Assignment -> Set down each line of the material that follows, exactly, with no pictures.

Collected material ->
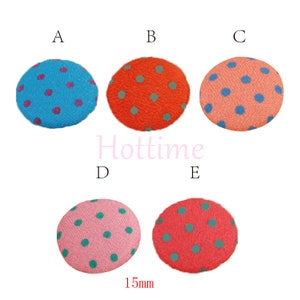 May include: Five fabric buttons with polka dot patterns in various colours. The buttons are blue, orange, coral, pink, and red, each with contrasting dots. The text "Hottime" is in the center, and the size is 1.5cm.
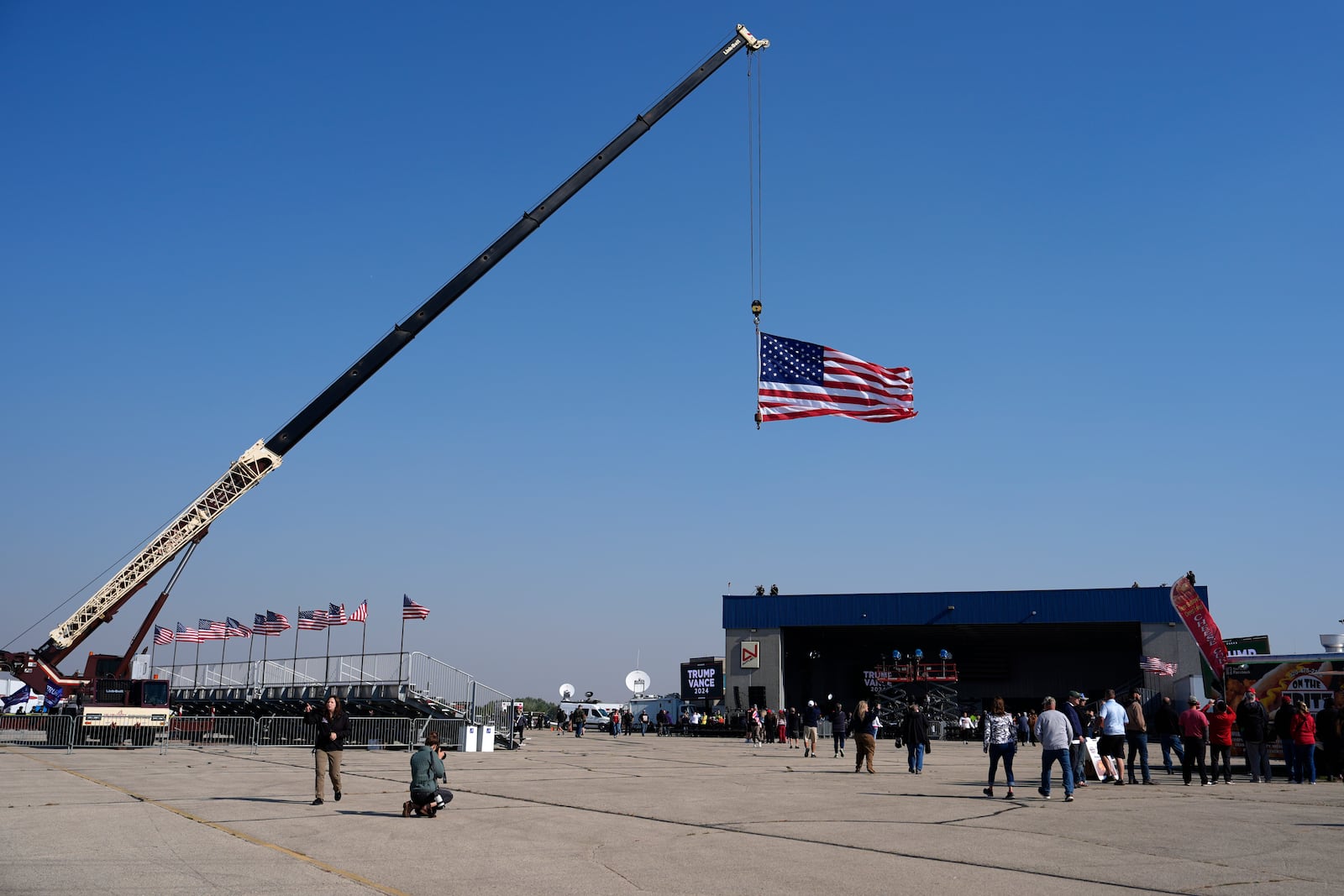 Attendees arrive at a campaign rally for Republican presidential nominee former President Donald Trump at Dodge County Airport, Sunday, Oct. 6, 2024, in Juneau, Wis. (AP Photo/Julia Demaree Nikhinson)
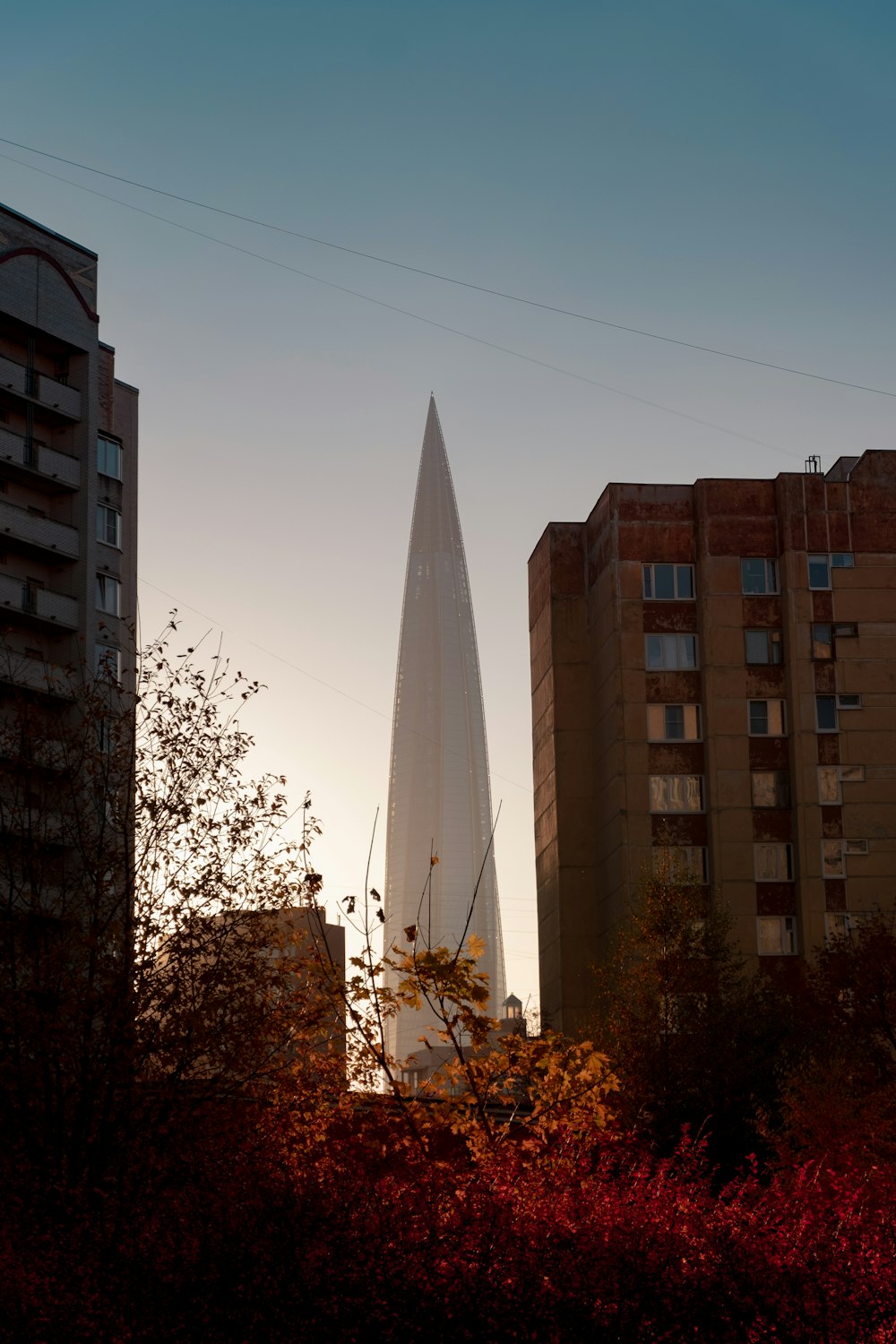 a tall building towering over a city next to tall buildings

Task result ->
 May include: Five fabric buttons with polka dot patterns in various colours. The buttons are blue, orange, coral, pink, and red, each with contrasting dots. The text "Hottime" is in the center, and the size is 1.5cm.
 Attendees arrive at a campaign rally for Republican presidential nominee former President Donald Trump at Dodge County Airport, Sunday, Oct. 6, 2024, in Juneau, Wis. (AP Photo/Julia Demaree Nikhinson)
 a tall building towering over a city next to tall buildings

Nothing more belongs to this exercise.